Three years ago at Bible Quiz Retreat my team looked at me a few hours before the event’s talent (often called un-talent) show and said, “We want to perform a play. You’re a writer, write one.” Any protests I made were purely for show. They had called me a writer. At that point, I would have done anything to confirm those words.
Without much time I created a loose format so that we would mostly just have to do improv for practice, then remember it for the performance. I called it the Insane Asylum, or the crazy skit. We took each of the people involved, pulled one trait about their personalities out and amplified it. To make things more dramatic, we had some of their ‘issues’ conflict with each other. One person could not stop hugging people, another had a bubble of space that no one could enter. What was my personality tick? I was a crazy author, overboard and determined to capitalize on the members of the asylum’s strange habits–until I myself got sucked into the asylum.
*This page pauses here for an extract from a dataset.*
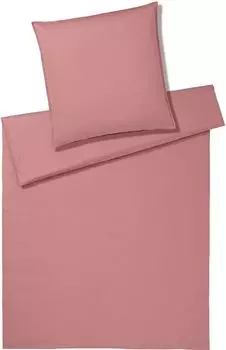 Элегантный чехол на подушку из стираного хлопка, индивидуального цвета, румяного цвета, размер 70х90см Elegante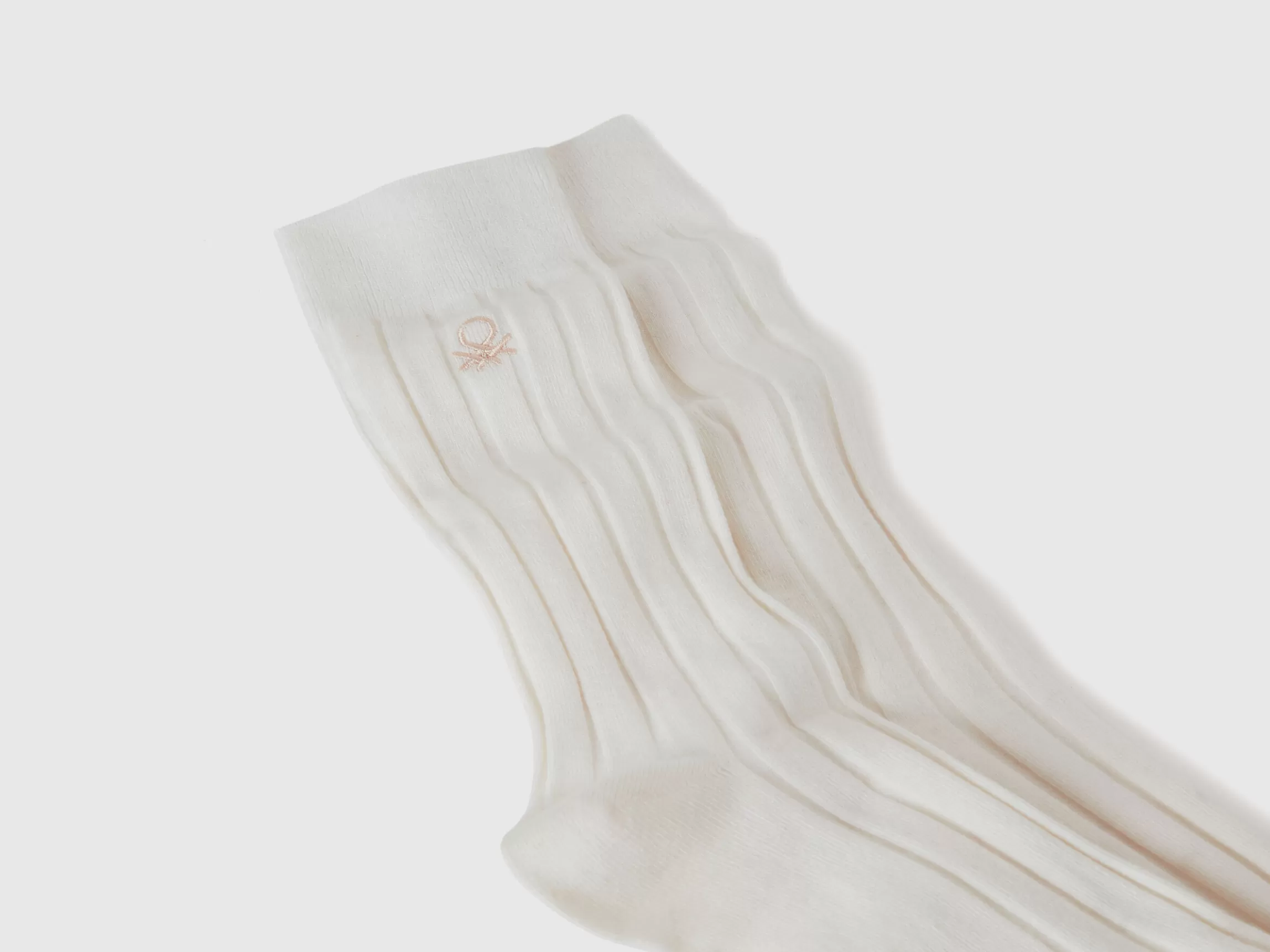 United Colors of Benetton Socks in cashmere blend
The skit was an incredible success. A second and, recently, a third skit–continuations–were added. We pulled in-jokes and incorporated them. Before the second year’s skit we had journeyed as a group to Howe’s Caverns, where the running joke had been that one of the quizzers (a popular kid named Scott Howe) was the alien owner of the caverns. In the skit we brought him in as an alien and put one of the originators of the joke as a girl terrified of aliens.
While in book writing it is better to stay away from in-jokes (unless you are just writing for friends) elements from this skit are helpful in plotting novels. A subdued characteristic will often be missed on paper. It needs to leap from the page, aggravated by other factors in the story. Pull small traits and make them pop, though not as much as I did for the crazy skit. It may be developed slowly, but the more clearly reinforced an idea, the better it comes across. When looking for inspirations for characters, study your friends. See what is unique about them. Then steal a character-trait from one, another from someone else, and so on until you have a whole new person, who acts like a real one. (In the most recent skit we added a boy who collected hats and made him a hat-stealer, willing to face anything to get another hat.)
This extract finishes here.